Heureusement, Joachim a appris à connaître les indices de la présence d’eau. Sinon il serait sans doute déjà mort. Les sources sont souvent borées, les mares saumâtres. Si le cheval boit, l’homme peut boire. Mais pas question de voyager avec un chien, qui trempe son museau dans n’importe quelle gouille. Les déplacements se font de nuit, le soleil du jour étant trop dangereux à cette altitude. Bientôt, Joachim envisage aussi de fabriquer à Angosto des fromages de chèvre dont les Chiliens du désert d’Atacama sont friands. Ni les distances, ni le temps ne comptent. Il lui faudra aussi recommencer à passer au tamis les ruisseaux de la Cordillère; il y a déjà trouvé quelques pépites grosses comme le pouce, des pépites que quelques malfrats de Salta lui ont subtilisées après l’avoir fait boire – au nom de l’amitié. Mais Joachim n’a pas le temps de la rancune. Trente-deux ans et encore tant de choses à faire. Peut-être des croisements avec certaines races européennes permettraient-ils d’acclimater le cheval dans ces régions où seules survivent les mules. Peut-être…

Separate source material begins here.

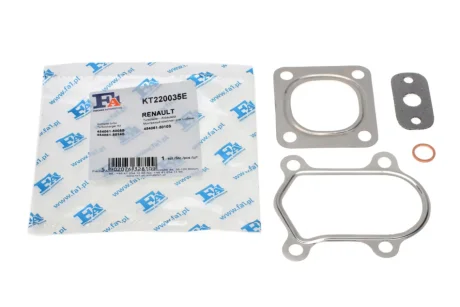 Комплект прокладок турбіни Renault Master 2,8 dCi 98-01 Fischer Automotive One (FA1) KT220035E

Peut-être est-ce tout cela, la condition de gaucho contemporain. Le respect scrupuleux de la tradition chaque fois où elle a fait ses preuves, le défi de la nouveauté chaque fois où l’homme, face à l’immensité et la démesure, est capable d’imaginer une nouvelle route.
Pourquoi? Sans doute parce que le gaucho est le fruit d’une rencontre, celle de l’homme européen et des dimensions américaines, et parce que cette rencontre, malgré le temps, les désillusions, l’évolution des techniques et l’essoufflement du grand élan initial, n’a pas encore épuisé toutes ses surprises.